Les objectifs déclarés de ces missions comprennent des buts louables tels que la prévention des conflits, le renforcement de la paix et de la sécurité internationale, le soutien de l’État de droit ou la gestion des crises. L’UE affirme qu’elles sont adaptées aux circonstances locales et qu’elles impliquent généralement une formation militaire et la fourniture d’équipements aux armées nationales.
Toutefois, comme le montre le récent rapport du Transnational Institute (TNI) intitulé « Under the Radar : 20 Years of EU Military Missions », ces missions n’ont pas grand-chose à voir avec la « promotion de la paix, de la prospérité et de la sécurité ». Elles visent surtout la promotion des « intérêts européens » au détriment des intérêts locaux et des populations des États hôtes.
Selon TNI et dans un contexte critique, « la réponse de l’UE à l’invasion de l’Ukraine par la Russie et, plus récemment, au génocide israélien à Gaza, n’est pas passée inaperçue aux yeux des Européens, dont beaucoup sont descendus dans la rue pour protester contre la complicité de l’UE dans la guerre et le génocide » (https://www.tni.org/es/node/18581).
Le rapport affirme que ces missions n’ont guère contribué à la résolution des conflits. C’est le cas, par exemple, en Bosnie-Herzégovine où les tensions sous-jacentes, enracinées dans des questions politiques non résolues, n’ont pu être débloquées par le déploiement de personnel militaire. Dans d’autres cas, comme dans la région du Sahel en Afrique, non seulement elles n’ont pas réussi à résoudre les conflits, mais elles les ont exacerbés.
En Afrique, au cours des 20 dernières années, de nombreuses forces militaires formées sous les auspices de l’UE ont perpétré des violations flagrantes des droits humains ou participé à des coups d’État militaires. Le Mozambique en est peut-être l’exemple le plus récent et le plus notoire, même s’il n’est pas exceptionnel. En dépit de son principe déclaré de respect de l’État de droit, l’UE a souvent soutenu des gouvernements corrompus et autoritaires, ou dont le bilan en matière de droits humains était médiocre.

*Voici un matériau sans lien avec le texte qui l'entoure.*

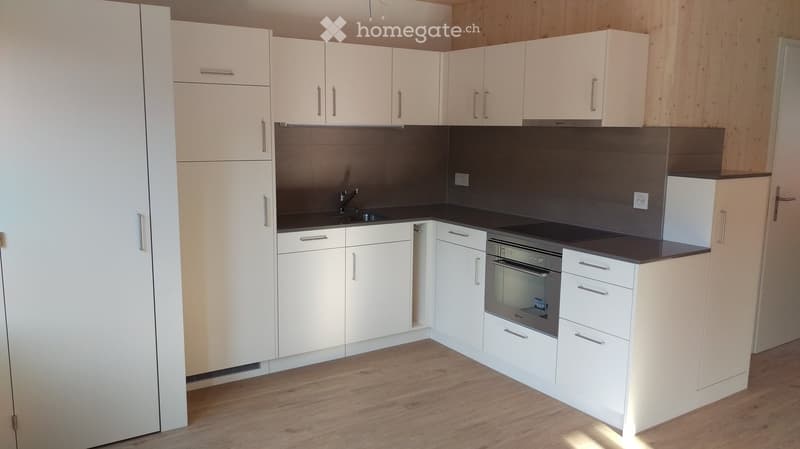 modern white kitchen with wooden floors, modern appliances, sink, gas stove, oven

Cela afin de préserver ses propres intérêts politiques et économiques. « Il s’agit d’une attitude imprudente et irresponsable qui trahit les valeurs que l’UE prétend défendre », affirme le rapport de la TNI. Cette dernière précise encore que l’UE ne dispose pas d’une méthodologie adéquate pour évaluer l’efficacité de ses missions, au point qu’elle « admet elle-même qu’elle n’a atteint que peu de ses objectifs déclarés.
L’étude de la TNI note que ces missions, en raison de leur mode d’établissement et de fonctionnement, sapent les structures multilatérales, telles que les Nations unies, les États et les systèmes nationaux et régionaux. Elles souffrent également d’un grave manque de contrôle démocratique. Le Parlement européen, seule institution européenne démocratiquement élue, n’a qu’un pouvoir de décision très limité en matière de politique étrangère. Depuis plusieurs années, les missions militaires sont financées par un fonds extrabudgétaire échappant à tout contrôle démocratique. Enfin, elles échappent au contrôle judiciaire car l’UE ne dispose pas d’une organisation qui les sanctionnerait légalement à l’intérieur ou à l’extérieur. Elles ne relèvent pas non plus de la compétence de sa Cour de justice ou de la Convention européenne des droits de l’homme, qui ne s’applique qu’aux États membres.